Dave Holland, Bassist, Cellist, Komponist, Bandleader aus dem englischen Wolverhampton, mit 21 entdeckt von Miles Davis für seine 'Bitches Brew' Band, ist in seinem 52. Jahr der Mann der Stunde. Noch nie in der Geschichte des Jazz-Magazins Down Beat wurde ein Musiker viermal in die Pole-Position gewählt: als bester Jazzkünstler, als bester akustischer Bass, als Leiter der besten akustischen Gruppe und als Verantwortlicher für die beste CD des letzten Jahres, die in ironischer Voraussicht den Titel Not for Nothin' trägt. 'Hollands stupendes Quintett ist der Kern der ersten CD, die er nun mit einer Grossformation eingespielt hat.

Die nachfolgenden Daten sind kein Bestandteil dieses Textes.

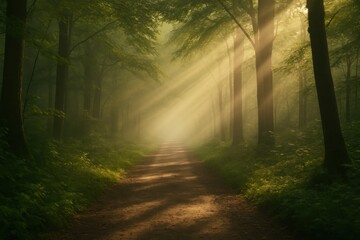 Fototapeta premium Sunlight Beams Through Misty Forest Illuminating a Serene Woodland Path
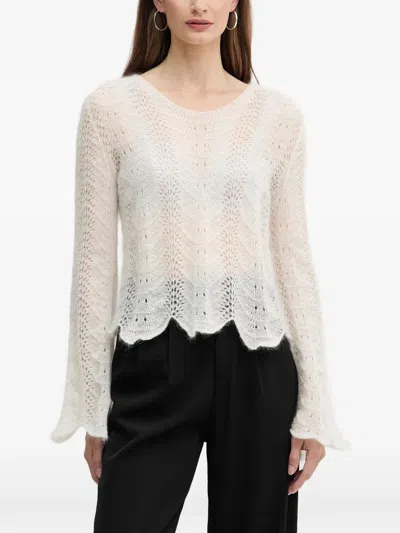 Twinset Scalloped-hem Open-work Sweater In Neutral
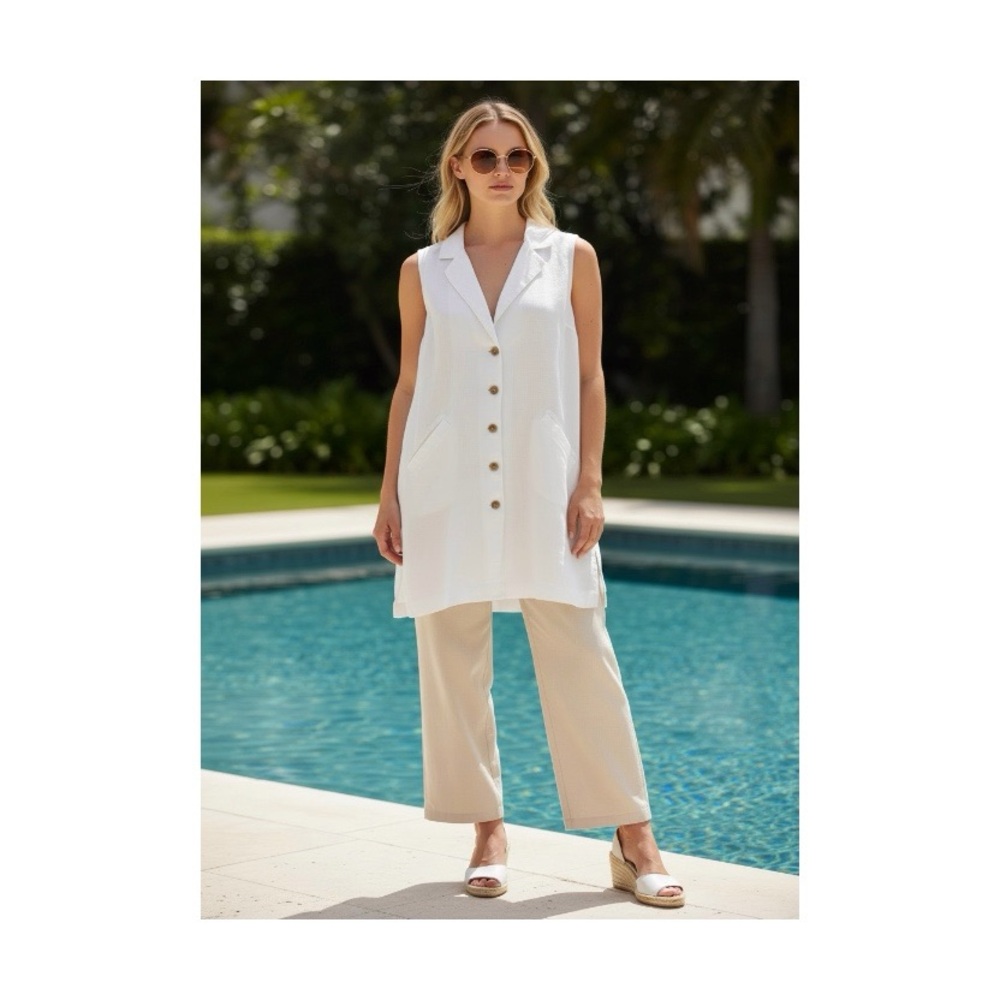 Free People Sleeveless White Button-Up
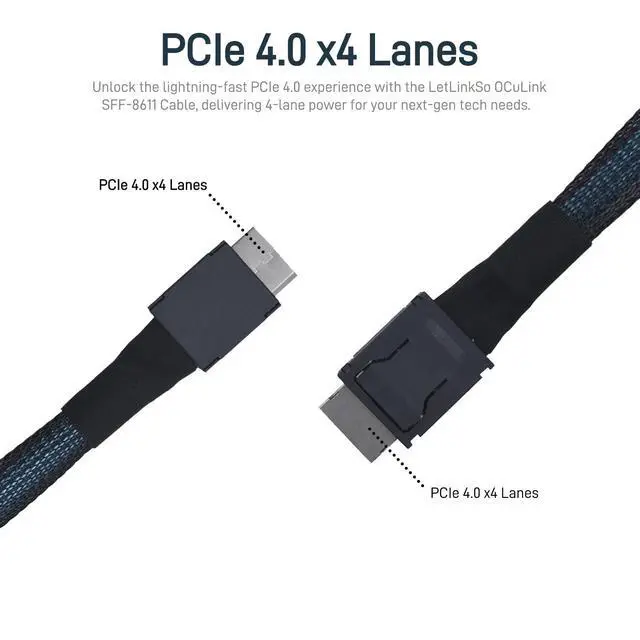 Alt view image 2 of 4 - Cable PCIe 4.0 SFF-8611 4i Male Extension Cable for Oculink eGPU onexGPU Mini PC SSD, 3.3 feet (100 cm)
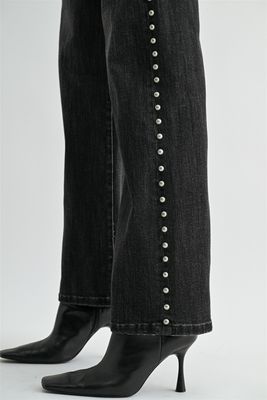 Black Studded Wide Leg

Für die 13-Mann-Truppe ist die Bezeichnung Big Band eigentlich falsch am Platz. Es ist eine konzentrierte grosse Band oder eine erweiterte Combo, ein Kammerensemble, das immerhin schon Experimente mit der Instrumentierung erlaubt, neue Schattierungen, Nuancen. ' Die Band klingt beweglicher und intimer als ein Grossorchester, reicher und nuancierter als das Quintett und ist doch dessen natürliche Erweiterung. Am ehesten denke ich bei dieser Musik an Mingus. Dem ist nicht zufällig auch das zweite Stück gewidmet: 'Blues for C.M.'
Peter Rüedi, Weltwoche

Aus dem Arrangeur spricht immer auch der Bassist: wunderbar lakonisch und tiefenlastig sind seine Ensemblesätze. Doch das ist nur einer von vielen Vorzügen, die Hollands neueste Platte wieder einmal zu einer seiner besten werden lässt. Um sein seit einigen Jahren bestehendes Quintett hat Holland acht weitere Musiker gruppiert und es zu einer kleinen Big Band vergrößert. Und so klingen die Stücke auch: großformatige Kammermusik. Hier wie dort schafft die Rhythmusgruppe mit Holland, dem Schlagzeuger Billy Kilson und dem markanten Vibraphon von Steve Nelson Freiraum statt Gruppenzwang. Es gibt reichlich Platz für kollektive Improvisationen und großartige Solisten wie Robin Eubanks oder Chris Potter. ... What Goes Around ist Hollands erster Schritt in die Orchester-Welt. Es ist hoffentlich der Beginn einer langen Reise.